Finally, we employed several supervised machine learning methods to determine whether any cell surface protein combinations could predict infection likelihood. We assessed logistic regression, naive Bayes and random forest (RF) methods using a 70/30 (training/test) split of our dataset. Using all CD4⁺ T cells, we found similar results between the models with area under the receiver operating curve (ROC) (AUC) values of 0.89, 0.88 and 0.9 respectively (Fig. 2e) suggesting a reasonable classification of HIV⁺ cells in vitro with this current ADT panel. In the logistic regression, markers with the greatest odds ratio and significance included CD2, CD49b, CD95, SLAM and T cell receptor (TCR) α/β for classifying HIV⁺ cells while CD4, NKG2D, CD62L and CD162 were the top markers for classifying HIV^– cells (Fig. 2f). For the RF model, the top markers by importance (measured as mean decrease in accuracy when permuted) were CCR5, SLAM, CD49b, CD2 and CD95. When applied to only activated CD4⁺ T cells, the RF model and logistic regression both performed the best with an AUC of 0.78, compared with 0.74 with naive Bayes. Compared with the total CD4⁺ T cell models, there were higher false positive rates suggesting that additional markers tailored to activated T cells might benefit classification efforts (Fig. 2g). The activated CD4⁺ T cell RF was driven primarily by CCR5, SLAM, CD69, CD2 and GPR56 in decreasing order of importance. Overall, these supervised machine learning models are in concordance with our differential expression testing and highlight the prominent roles of CCR5, SLAM and CD2 as markers of HIV-1 in vitro infection (Fig. 2h).

ASAPseq analysis of infected cells from untreated PLWH

We next assessed whether HIV-infected memory CD4⁺ T cells from lymph nodes (LN)—a tissue with a high burden of infected CD4⁺ T cells^4,5—of viremic PLWH (Table 1) exhibited bias towards specific cell surface markers or epigenetic characteristics.
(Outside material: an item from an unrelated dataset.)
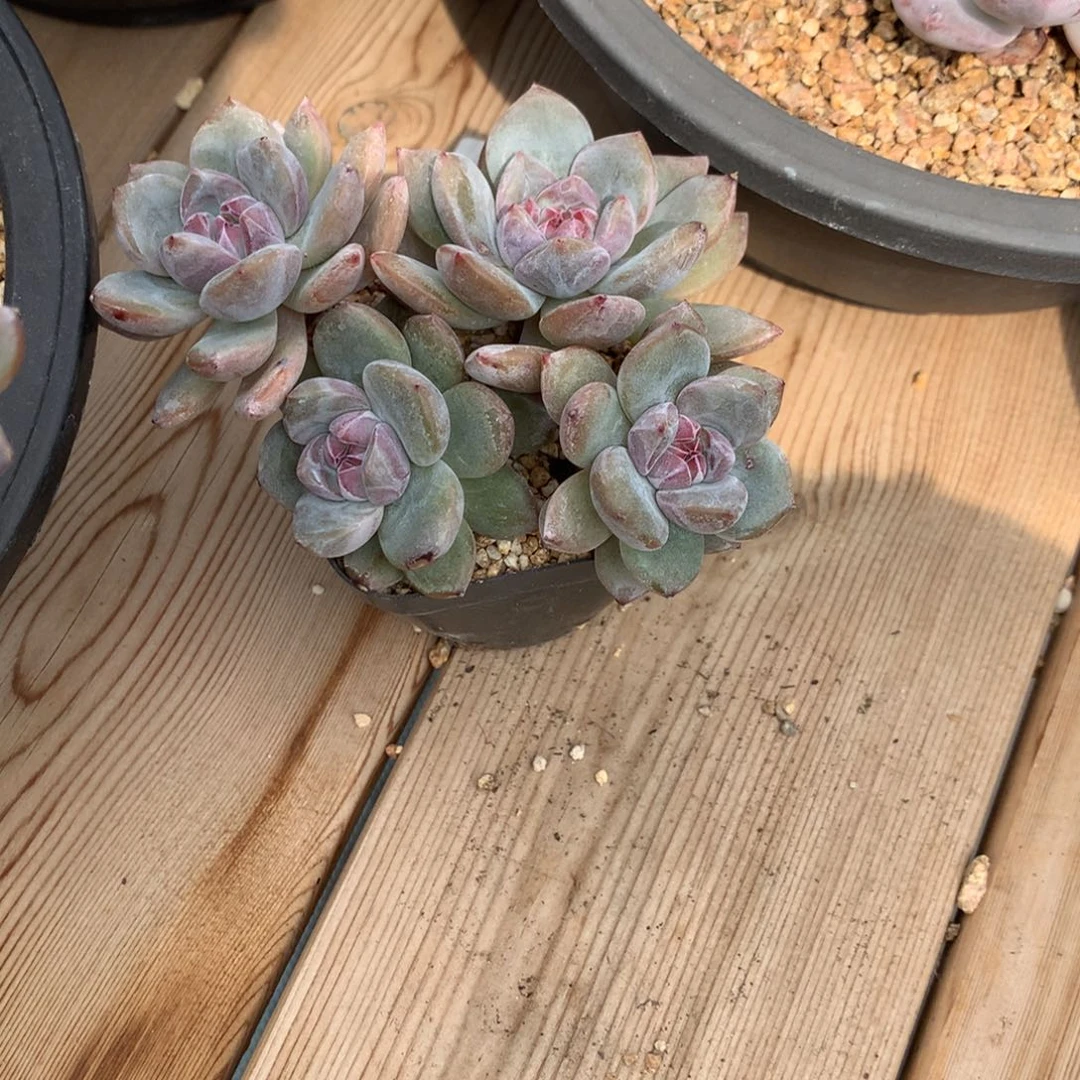 ╰***姐无名突尼斯发货多肉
We enriched memory CD4⁺ T cells via bead selection from inguinal (C01) or cervical (C02) LN (n = 2) and conducted ASAPseq, aligning to a chimeric hg38 + HXB2 genome. In one individual (C01), we profiled 2,554 cells passing quality checks for ATAC and ADT datasets, including 13 HIV⁺ cells (0.51%). In the second individual (C02), we profiled 6,521 cells passing quality checks, with 41 HIV⁺ cells (0.63%) leading to a combined chronic dataset of 9,075 cells with 54 HIV⁺ cells (0.60%; Table 2 and Extended Data Fig. 5a). Most sequenced fragments were internal (74%) followed by LTR only (23%) and spanning both LTR and internal (2%) (Extended Data Fig. 5b). We also noticed a general occlusion of fragments from the pol region as observed from the in vitro dataset.
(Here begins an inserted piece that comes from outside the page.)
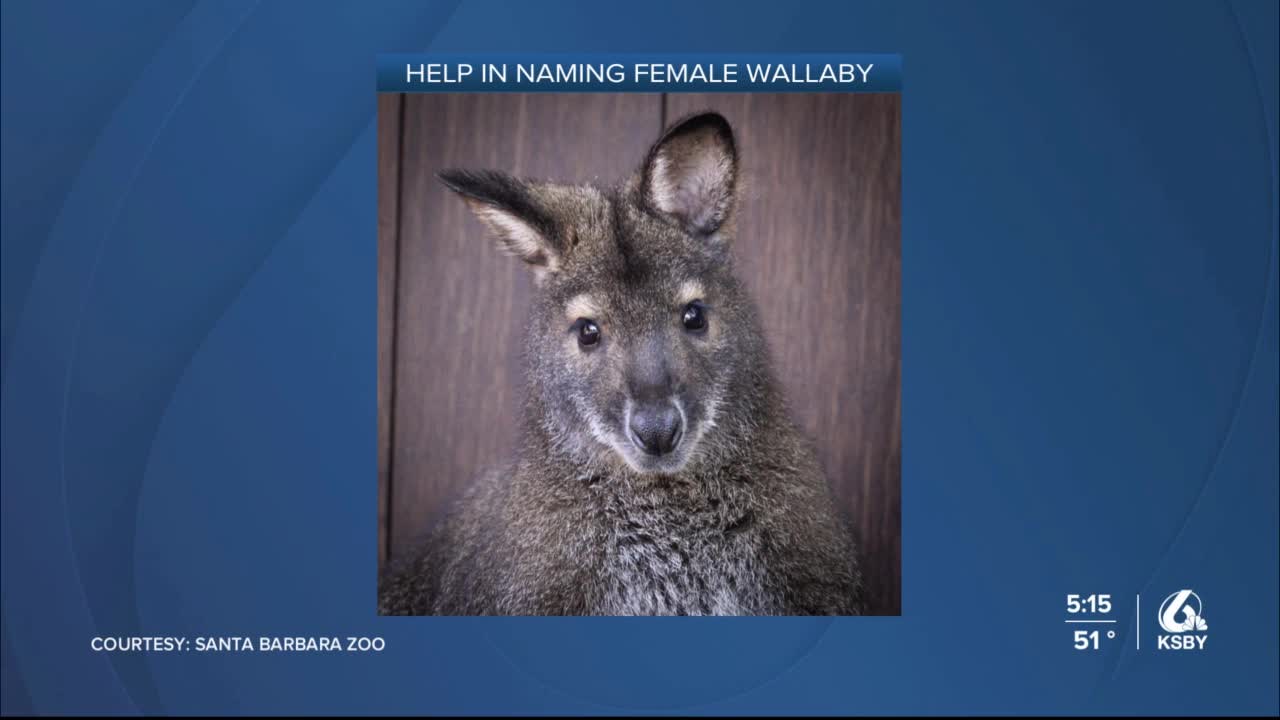 Santa Barbara Zoo asks for help in naming female wallaby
To assess the phenotype of HIV⁺ cells in LN, we performed clustering into a reduced dimensional form (Extended Data Fig. 5c) and annotated clusters using both ADT and ATAC datasets (Fig. 3a, Extended Data Fig. 6 and Supplementary Table 5). Most profiled cells were memory CD4⁺ T cells (70%), with the dominant subcluster being CD4⁺ T-follicular helper (Tfh) cells (19.2%) and a few contaminating clusters including APC, B and follicular dendritic cells (Fig. 3a).

**Fig. 3: ASAPseq identification of HIV-infected cells predominantly in Tfh cells from lymph nodes of untreated PLWH.**

Of the 54 HIV⁺ cells detected, 64.8% were CD4⁺ Tfh cells, with the rest identified as CD4⁺ T resident memory (Trm) and/or T central memory cells (Tcm) (16.7%), APCs (11.1%) and CD4⁺ T regulatory cells (Treg; 7.4%) (Fig. 3b–d). This distribution corresponds with the known localization of infected cells within germinal centers of secondary lymphoid organs, predominantly in the Tfh compartment^6,34. While follicular dendritic cells were detected, we found no viral DNA in this cluster, even with the likely trapping of infectious virions by follicular dendritic cells^35,36, suggesting high specificity in detecting only HIV DNA.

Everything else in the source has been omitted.